Friday, April 28, 2006
Those who don't know history
"You know, I'm not a supporter of boycotts."
~ George W. Bush
Beginning with the unpopular Grenville reforms of the mid-1760s and continuing for a decade, the nonimportation agreement or boycott was the chief American means to gain the attention of faraway British policymakers.
Colonial critics of revenue-raising tax measures realized that they had little clout in Parliament. In order to receive a meaningful hearing in London, the Americans needed support from an influential lobbying force; English merchants and manufacturers fit the bill. Many of those businessmen had strong trade ties with the colonies as well as strong relationships with members of Parliament.
If trade were to decline sharply — as the case would be during a boycott — then English business interests would be harmed financially.

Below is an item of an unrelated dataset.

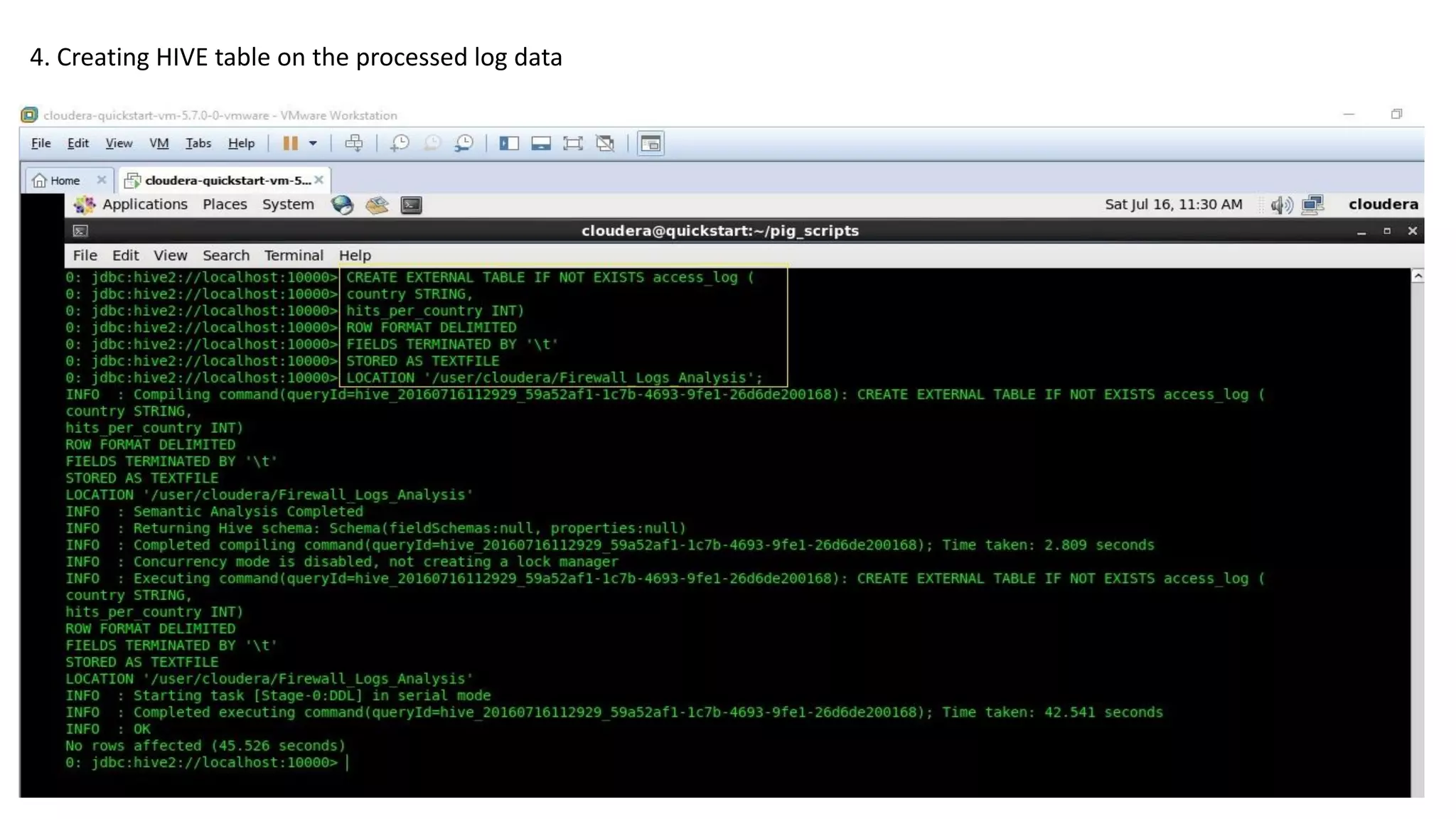 4. Creating HIVE table on the processed log data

It was hoped they would then prevail upon the government for a change in policy.
This form of economic retaliation was used in response to the Sugar Act (1764), but enjoyed its greatest success during the Stamp Act crisis (1765) and the upheaval following the Townsend Acts (1767-1770). A period of relative calm prevailed in the early 1770s, but came to an abrupt end with passage of the Coercive Acts (1774). The height of the nonimportation movement was reached with the First Continental Congress’s decision to create The Association, a body charged with overseeing the nonimportation, non-exportation and non-consumption of all British goods.